I am trying to create a class that enables counting based off of the multiprocessing
Queue:
import multiprocessing
from multiprocessing import Value
from multiprocessing.queues import Queue
class SharedCounter(object):
""" A synchronized shared counter.
The locking done by multiprocessing.Value ensures that only a single
process or thread may read or write the in-memory ctypes object. However,
in order to do n += 1, Python performs a read followed by a write, so a
second process may read the old value before the new one is written by the
first process. The solution is to use a multiprocessing.Lock to guarantee
the atomicity of the modifications to Value.
This class comes almost entirely from Eli Bendersky's blog:
http://eli.thegreenplace.net/2012/01/04/shared-counter-with-pythons-multiprocessing/
"""
def __init__(self, n = 0):
self.count = Value('i', n)
def increment(self, n = 1):
""" Increment the counter by n (default = 1) """
with self.count.get_lock():
self.count.value += n
@property
def value(self):
""" Return the value of the counter """
return self.count.value
class CounterQueue(Queue):
""" A portable implementation of multiprocessing.Queue.
Because of multithreading / multiprocessing semantics, Queue.qsize() may
raise the NotImplementedError exception on Unix platforms like Mac OS X
where sem_getvalue() is not implemented.
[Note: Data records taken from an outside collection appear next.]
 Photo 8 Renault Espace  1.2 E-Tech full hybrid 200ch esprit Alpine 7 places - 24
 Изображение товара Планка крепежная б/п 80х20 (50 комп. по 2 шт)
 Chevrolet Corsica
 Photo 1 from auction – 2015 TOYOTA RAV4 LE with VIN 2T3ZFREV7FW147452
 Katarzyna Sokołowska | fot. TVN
This subclass addresses this
problem by using a synchronized shared counter (initialized to zero) and
increasing / decreasing its value every time the put() and get() methods
are called, respectively. This not only prevents NotImplementedError from
being raised, but also allows us to implement a reliable version of both
qsize() and empty().
"""
def __init__(self, *args, **kwargs):
self.size = SharedCounter(0)
super(CounterQueue, self).__init__(ctx=multiprocessing.get_context(), *args, **kwargs)
def put(self, *args, **kwargs):
self.size.increment(1)
super(CounterQueue, self).put(*args, **kwargs)
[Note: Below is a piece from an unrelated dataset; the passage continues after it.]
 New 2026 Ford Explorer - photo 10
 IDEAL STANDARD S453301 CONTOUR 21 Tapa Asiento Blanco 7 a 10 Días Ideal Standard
def get(self, *args, **kwargs):
self.size.increment(-1)
return super(CounterQueue, self).get(*args, **kwargs)
def qsize(self):
""" Reliable implementation of multiprocessing.Queue.qsize() """
return self.size.value
def empty(self):
""" Reliable implementation of multiprocessing.Queue.empty() """
return not self.qsize()
def clear(self):
""" Remove all elements from the Queue. """
while not self.empty():
self.get()
However, it seems like when I try and pass this object as an argument into another process,
for i in range(len(multiples)):
res_queues.append(CounterQueue())
process = mp.Process(name="test",
target=function,
args=(res_queues))
process.daemon = True
process.start()
I get an AttributeError when calling put
: AttributeError: 'CounterQueue' object has no attribute 'size'
. However, I've confirmed the code is correct since the following code executes without issue:
>>> from python.multiprocessing.queue import CounterQueue
>>> a = CounterQueue()
>>> a.put(1)
>>> a.qsize()
1
I'm wondering if I'm missing something with respect to Python specifics here?
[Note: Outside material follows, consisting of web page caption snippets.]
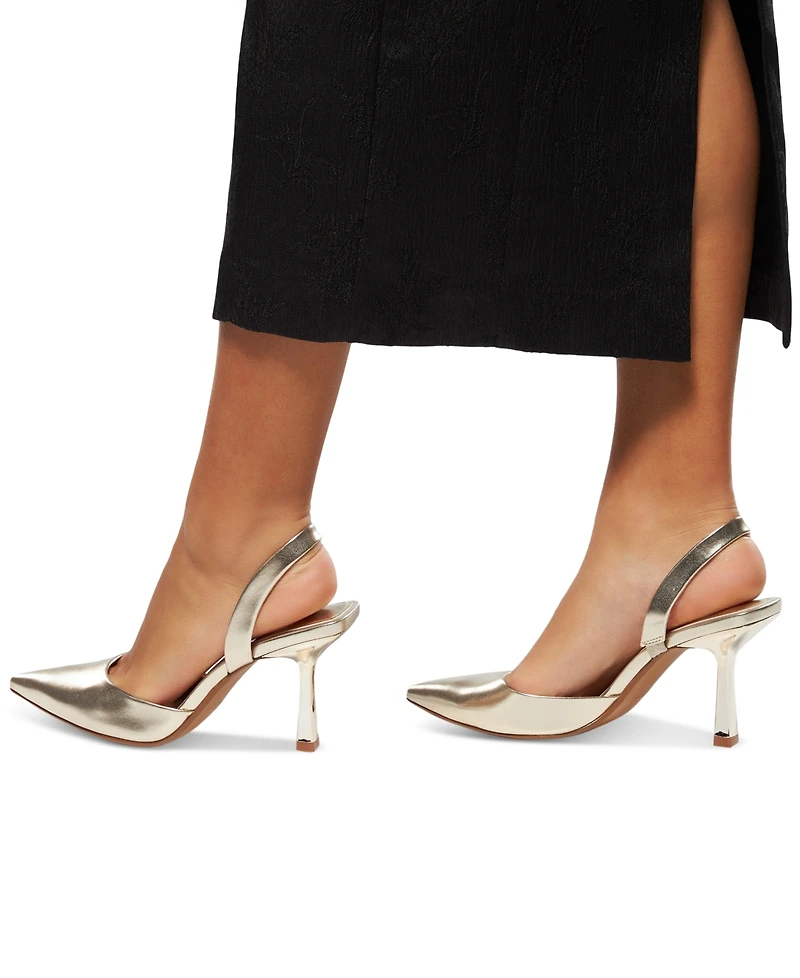Aldo Women's Brusanti Two-Piece Pumps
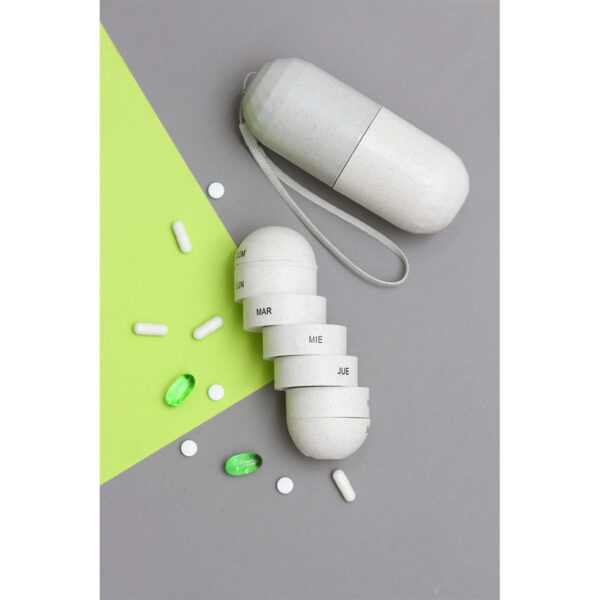 PASTILLERO ADMONT GRIS BE-052G ( BE-052 / BE052 / PASTILLEROS ) - Imagen 2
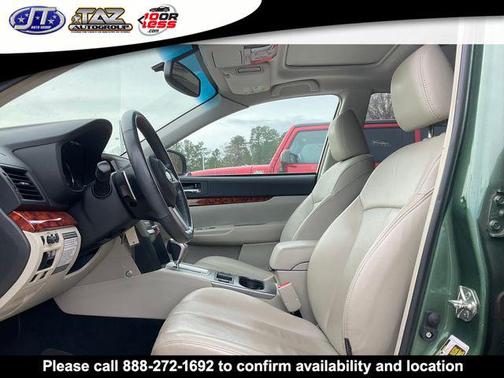 2011 Subaru Outback 2.5 i Limited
I will reason about it, and not sure if I can get you an answer:
what is likely happening is that in order for multiprocessing.Queue()
to work properly - i.e., act as a Queue endpoint when passed to another process, it has to customize its serialization/de-serialization. And then, what you get there is that the de-serialization of a mp.Queue subclass won't preserve the instance attributes of that class.
(Fact - here is the code for mp.Queue __getstate__
:
File ~/.pyenv/versions/3.12.0/lib/python3.12/multiprocessing/queues.py:58, in Queue.__getstate__(self)
57 def __getstate__(self):
---> 58 context.assert_spawning(self)
59 return (self._ignore_epipe, self._maxsize, self._reader, self._writer,
60 self._rlock, self._wlock, self._sem, self._opid)
(sorry, I picked it from a stacktrace, hence the noise) - but as you can see, it just serializaes that fixed set of attributes.
I guess the most transparent workaround for your case is, instead of inheritance, use association: your queue class should "have" a multiprocessing.Queue as an attribute, as a sibling to the .size
attribute, and then you have to proxy all Queue methods from your class to the underlying one.